Diophantine equations are among the oldest objects of study in mathematics. Already Pythagoras studied numbers such that the sum of squares of two of them is equal to the square of the third number. This question can be formulated as a Diophantine equation x^2+y^2=z^2. It is often difficult to solve Diophantine equations. Of my interest are various questions about solutions to Diophantine equations. I want to study them through contemporary techniques. I want to do so jointly with researchers at the University of British Columbia and with researchers at TU Graz and University of Salzburg. Many historically interesting Diophantine equations are of type f(x)=g(y), where both f and g have a fixed number of terms, and in particular when they have ``few'' terms. We call such f and g lacunary. Lacunary polynomials have been studied from various viewpoints.

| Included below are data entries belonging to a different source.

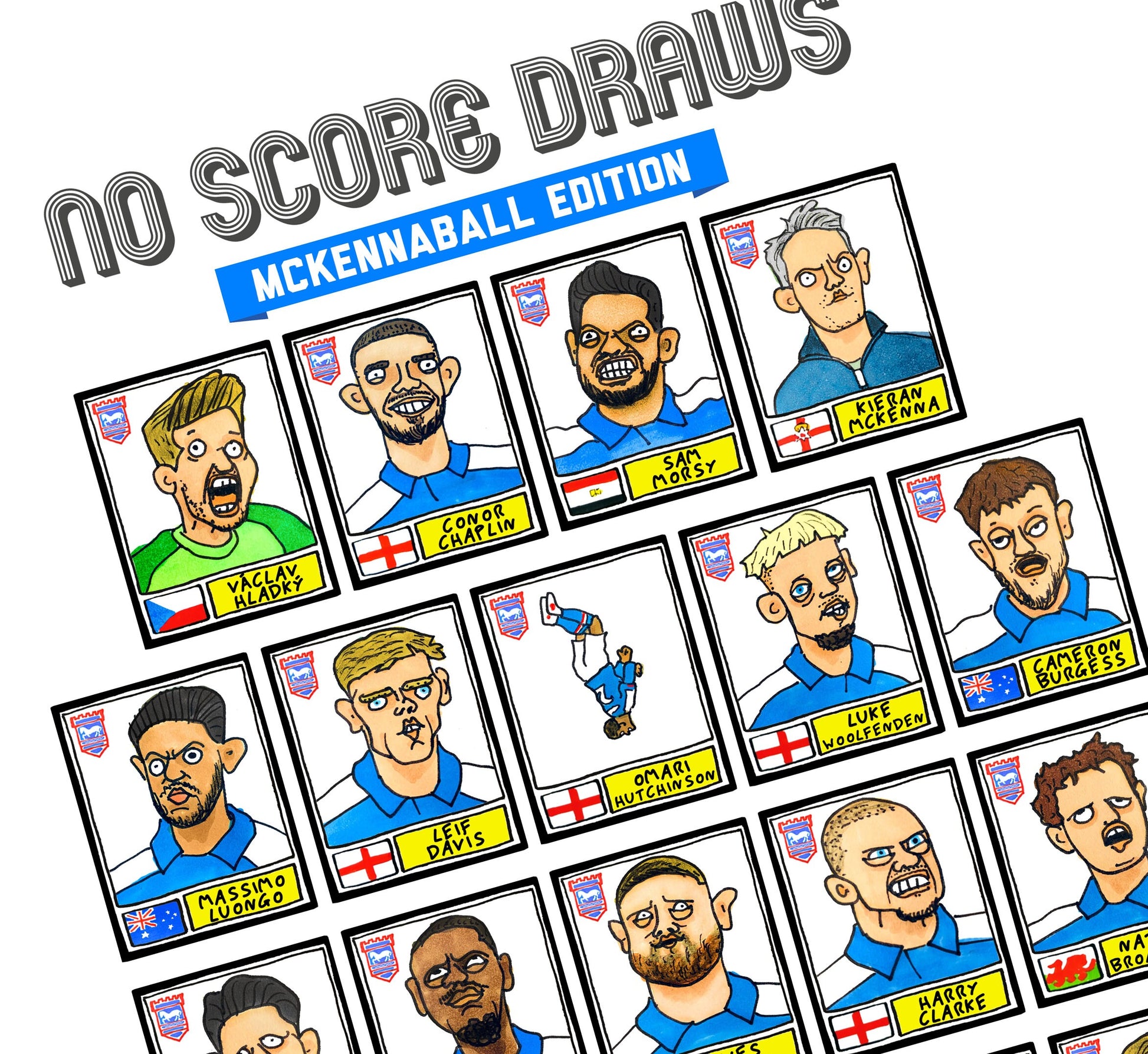 Ipswich Town Vol 3 - No Score Draws McKennaball Edition - A3 print of 29 Wonky Panini-style Doodles Of ITFC's Heroic 23-24 Promotion Winners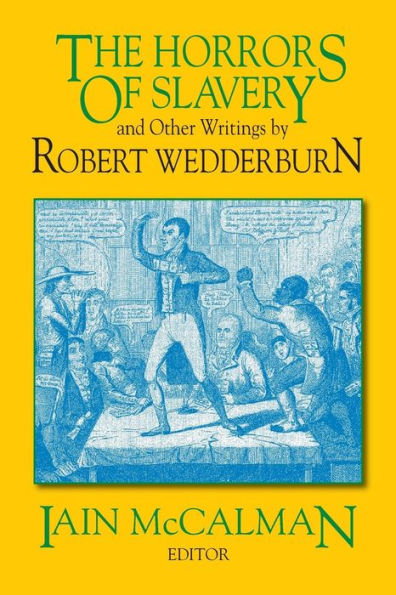 The Horrors of Slavery: and Other Writings by Robert Wedderburn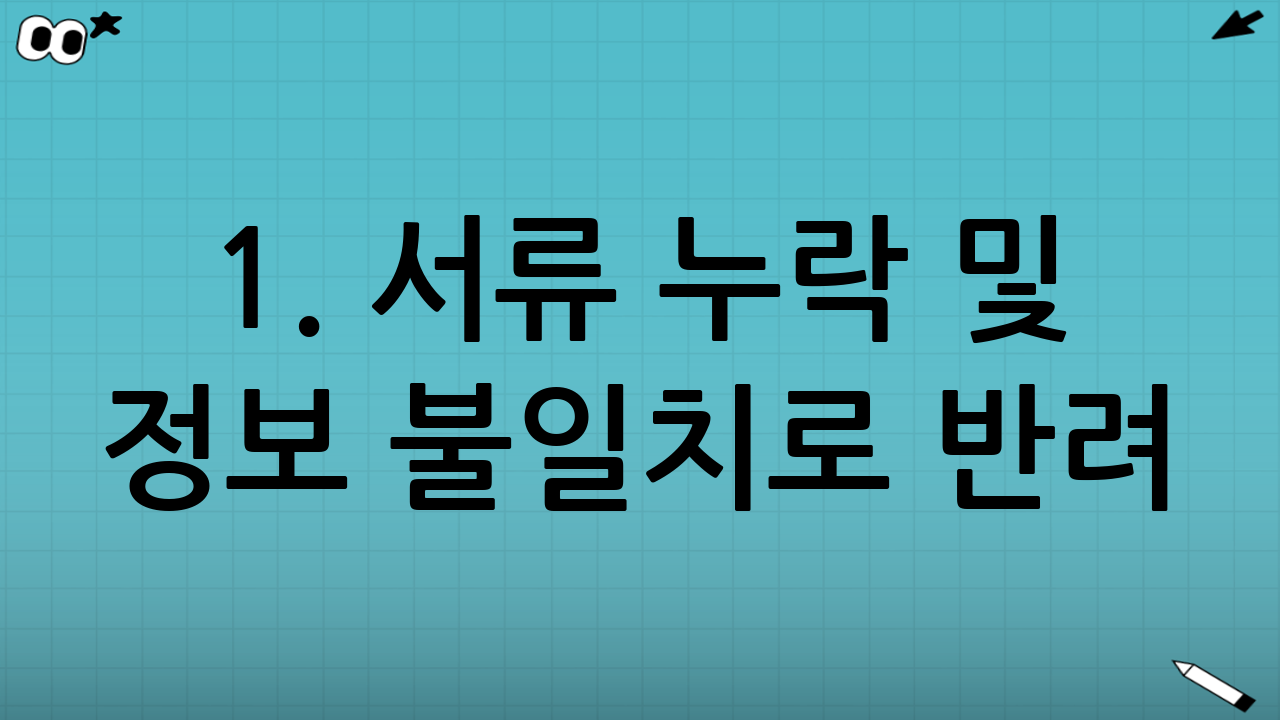 1. 서류 누락 및 정보 불일치로 반려?!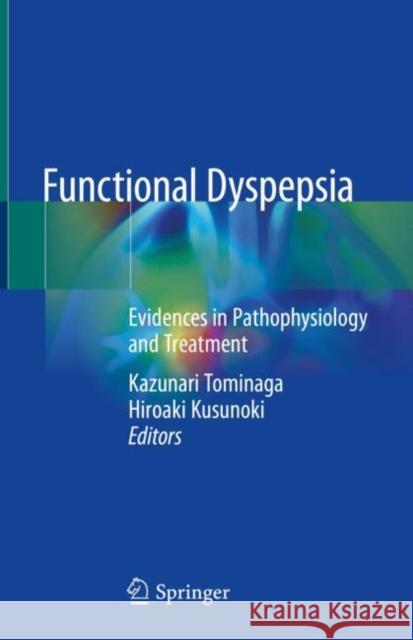 Functional Dyspepsia: Evidences in Pathophysiology and Treatment Tominaga, Kazunari 9789811310737 Springer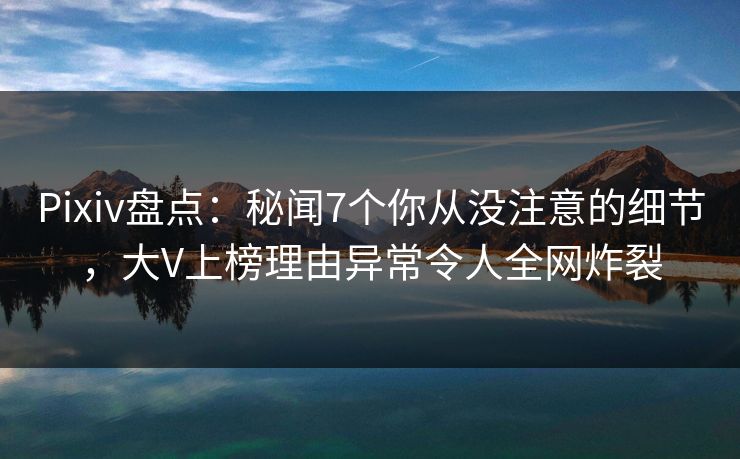 Pixiv盘点:秘闻7个你从没注意的细节,大V上榜理由异常令人全网炸裂 Pixiv盘点:秘闻7个你从没注意的细节,大V上榜理由异常令人全网炸裂
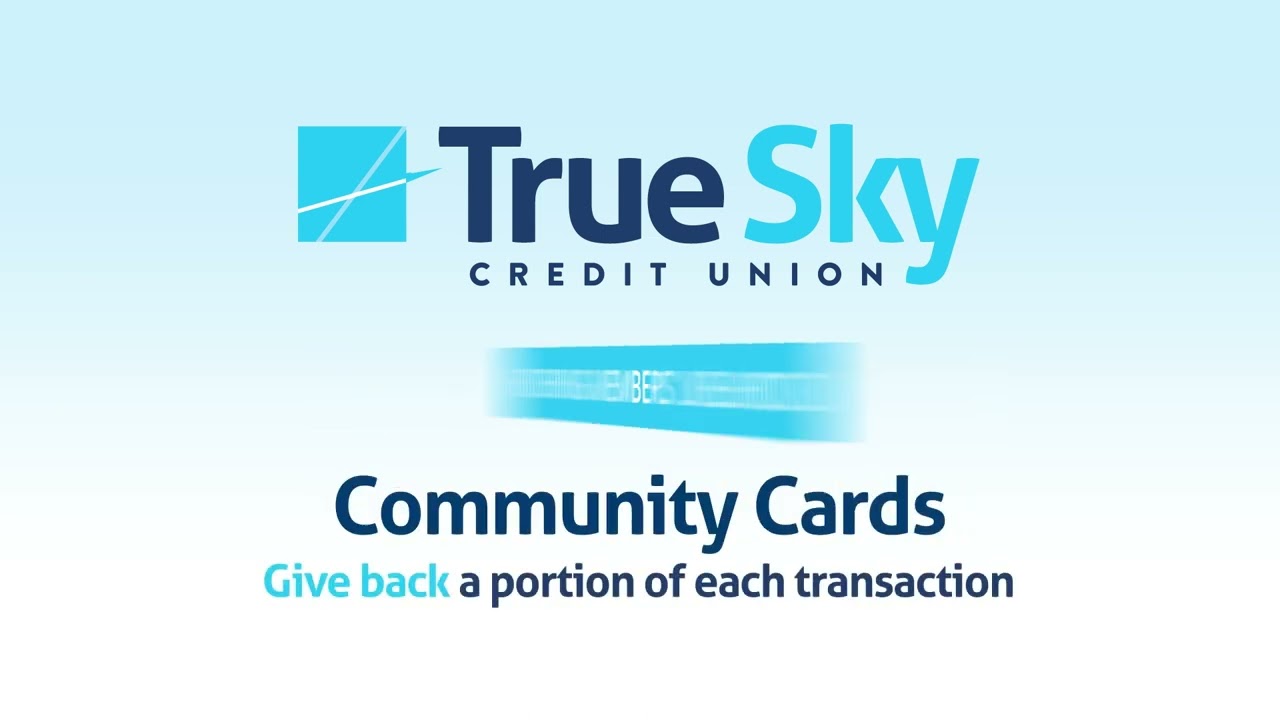 True Sky Credit Union | Community Forward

I am interested in their behavior with respect to functional composition. Such questions for arbitrary polynomials, as well as applications to various areas of mathematics, have been studied by many researchers, starting with an American mathematician J.F. Ritt in the 1920's. Ritt's results are considered to be fundamental. I want to apply new methods (arising from my work on compositions of covers of curves, which can be seen as objects generalizing rational functions) to gain further insights about lacunary polynomials. Of my interest are also connections to other areas of mathematics, such as complex analysis, arithmetic dynamics, etc.. I am interested in contemporary methods for solving Diophantine equations. The ability to solve Diophantine equations has significantly improved in recent years, due to improvements in theory and development of computational tools. In the case of equations of type f(x)=g(y), where both f and g have ``few'' terms, I seek sharp results about the number of solutions, or I aim at completely solving them. Such questions are of central interest to number theorists. Number theory nowadays has applications to various areas of mathematics, and to modern cryptography.